High Court Madhya Pradesh High Court

Union Of India (Uoi) vs State Of Madhya Pradesh And Ors. on 29 August, 1990

Madhya Pradesh High Court
Union Of India (Uoi) vs State Of Madhya Pradesh And Ors. on 29 August, 1990
Equivalent citations: 1992 (0) MPLJ 926
Bench: T Singh, S Dwivedi


ORDER

1. Heard Counsel.

This order shall govern disposal of M. Ps., Nos. 17J2/90, 1705/90, 1711/90,1714/90, 1715/90, 1717/90, 1718/90 and 1719/90.

2. The same question is agitated in all petitions and indeed a common interim order was passed separately in all the petitions on 10-8-1990 in regard to 10 separate cases disposed of by the Court below. By this common order, we are finally disposing of all the ten petitions.

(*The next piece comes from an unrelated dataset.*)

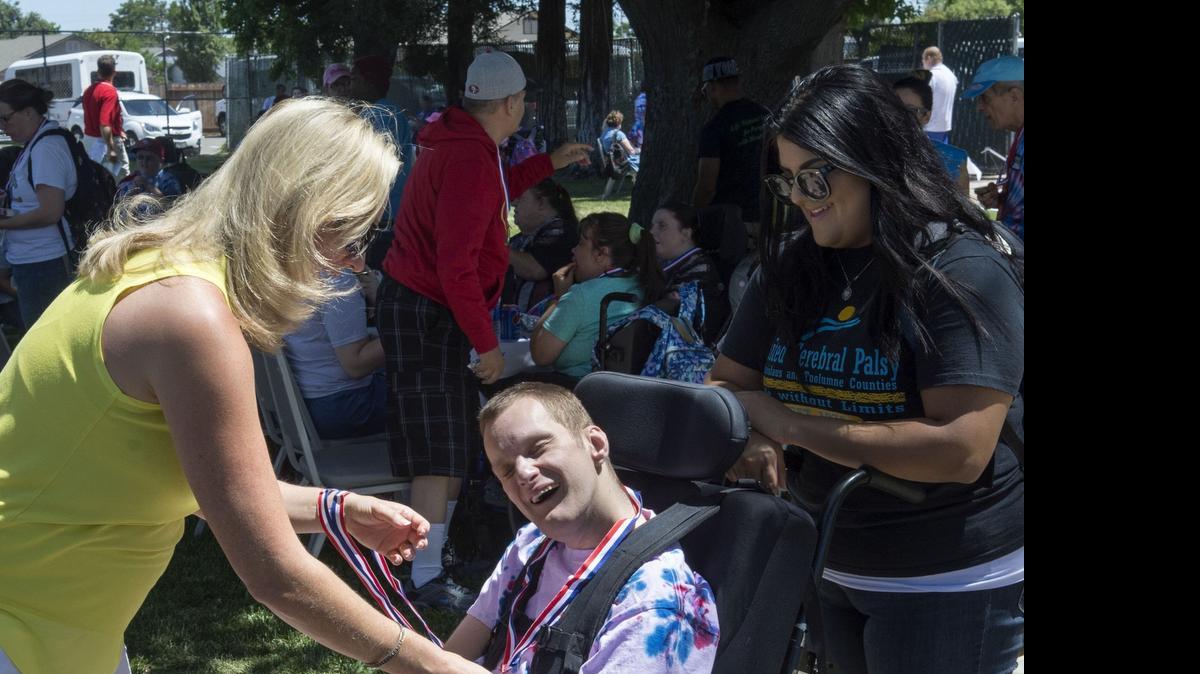 Raymond Vauhn, center, receives a medal Friday from three-time Olympian Suzy Powell, left, during the Olympic Day, a Special Olympics event sponsored by United Cerebral Palsy, at the SOS club in Modesto.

3. On the last date, by order aforesaid, we made a two-fold direction in this matter. We took the view that 10 separate orders passed on 20-7-1990 by Smt. Meena Bhatt, Second Additional Chief Judicial Magistrate, Gwalior, in regard to custody of 304 kgs. of silver entrusted under different orders to different persons were violative of the law laid down in the decision rendered by this Court in M.P. No. 724/90, decided on 23-6-1990, Union of India v. In-Charge P. S. Janak Ganj.

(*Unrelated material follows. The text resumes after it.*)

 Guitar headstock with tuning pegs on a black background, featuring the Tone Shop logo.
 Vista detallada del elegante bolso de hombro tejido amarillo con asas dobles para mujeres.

4. We accordingly made a direction for recovery of the silver and for that being deposited in the Treasury at Gwalior. That direction was made against Station House-in-Charge, Police Station G.R.P. (Broad Gauge), Gwalipr, impleaded in all 10 petitions as respondent No. 1. Today, Shri Gopal Sharma, Station House Officer, (Broad Gauge), Gwalior appeared in person before us in this matter and filed a written report that despite best efforts pursued at Gwalior as also at Mathura. recovery could not be made. He further informed us that from the Court of Shri A. K. Verma, JMFC, Gwalior, notices have been issued to concerned persons, including supurdgidars, for depositing the silver in that Court fixing for that purpose 3-9-1990, for default, order would be passed for forfeiture of the bond executed. Notices have been served on Gopaldas, Babulal, Shankerial and Nemichand of Gwalior but one Kamal Kishore of Gwalior is still untraceable. Four other persons, who are from Mathura have also remained unserved. Indeed, the person from whom silver was actually seized, Nirbhay Kumar (herein respondent No. 2 in all petitions), is also untraceable.

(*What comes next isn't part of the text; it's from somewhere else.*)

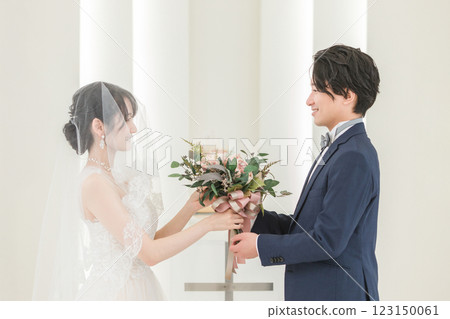 Bride and groom performing bouquet and boutonniere ceremony 123150061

5. Second direction we had made calling for a report from Smt. Meena Bhatt in regard to the order passed by her and complaint made in regard to conduct of the proceedings in her Court hi respect to the orders passed by her in 10 cases. We have her report before us today and that we have carefully perused. Although that is a longish report, the sum and substance of the stand of the learned Magistrate is that she found this Court’s order dated 23-6-1990 passed in M. P. No. 724/90 distinguishable on facts and she examined herself the law by looking into the provisions of Income Tax Act. She took the view that provisions not of the Act but of Criminal Procedure Code were to be followed and she accordingly dealt with and disposed of the matters. Indeed, it is on that basis that she rejected the prayer of the instant petitioner (Income Tax Department) for custody of silver and for staying operation of her order passed in favour of other applicants claiming custody of silver.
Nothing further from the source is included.